Joel Mokyr
USA/Israel
2015 Balzan Prize for Economic History
For his pioneering connection of economics and history with evolutionary and epistemological theory and the development of knowledge and technology; for permitting a new, comparative view of economic development and industrialization in particular in the West; for the variety of content, themes, and methods of his work, which ranges from the cliometrics of the New Economic History to the qualitative interpretation of ground-breaking texts, and avoids monocausal explanations.

Joel Mokyr was born in Leiden, the Netherlands. After studying in Jerusalem and Yale, he began teaching in 1974 at Northwestern University. He became Professor in 1980, then Robert H. Strotz Professor of Arts and Sciences and Professor of Economics and History in 1984. He has been Visiting Professor at the Universities of Stanford, Chicago, Harvard, Dublin (University College), Jerusalem (Hebrew University), Tel Aviv and Manchester. Since 2001 he has been Sackler Professorial Fellow at the University of Tel Aviv.
Mokyr’s early work was concerned with the relatively late industrialisation in the Low Countries and the famines in Ireland in the first half of the nineteenth century. He soon distinguished himself as an exponent of the interdisciplinary New Economic History, which enriched economic theory through a quantitative-analytical approach to economic history (cliometrics). Above all, problems in industrialisation led him to investigate various theories about the British model, from which he developed a pioneering approach to international research. In his prizewinning, widely translated book The Lever of Riches: Technological Creativity and Economic Progress (Oxford University Press, 1990), he used approaches from evolutionary and epistemological theory to formulate the importance of technological progress. Especially in pivotal macro-inventions, he identified the prerequisites for sustainable modern economic growth.
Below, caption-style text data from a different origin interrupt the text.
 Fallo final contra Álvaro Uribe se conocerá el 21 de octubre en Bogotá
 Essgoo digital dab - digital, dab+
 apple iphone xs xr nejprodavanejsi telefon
The Gifts of Athena: Historical Origins of the Knowledge Economy
(Princeton University Press, 2002) expands this interpretation through the juxtaposition of propositional and prescriptive knowledge as the premise for an economic theory that examines the production or obstruction of useful knowledge. The competitive Respublica Litteraria of modern Europe was fundamental in this sense. Consequently, in Enlightened Economy: An Economic History of Britain 1750-1850 (Yale University Press 2009), Mokyr recognized the Enlightenment’s decisive role as a precursor of the Industrial Revolution, without neglecting British institutions like Parliament that managed to overcome structurally conservative opposition from broad sectors of the population and helped to establish a new ideological breakthrough, political economy, based upon the applicable knowledge of a well-educated population.
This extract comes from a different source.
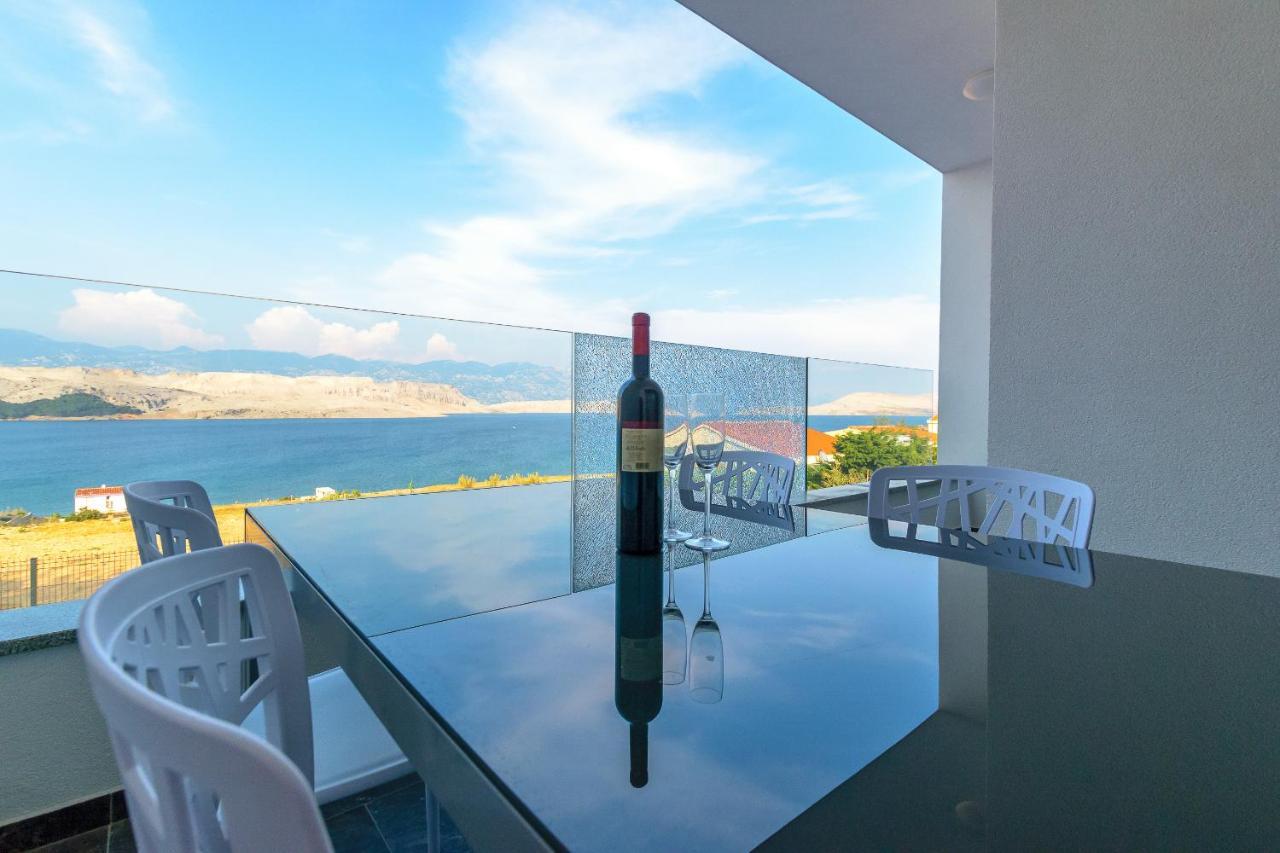 Villa The Secret Diamond Паг Екстер'єр фото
The quantitative and economic-historical aspects, interdisciplinary reach and all-encompassing syntheses of his fundamental work have ensured that Mokyr’s influence reaches far beyond the borders of academic research, with articles and public appearances, and interactions among policy-makers. His scholarly work has earned him many accolades, including the Heineken Prize for History (2006), membership of the American Academy of Arts and Sciences and, as elected foreign member, of the Royal Netherlands Academy of Arts and Sciences and the Accademia Nazionale dei Lincei in Rome. His outstanding publications, as well as his role as President of the Economic History Association, have enabled him firmly to establish an interdisciplinary economic history. With his contributions on an international level, Joel Mokyr has influenced both his own and future generations of researchers in an extraordinary way.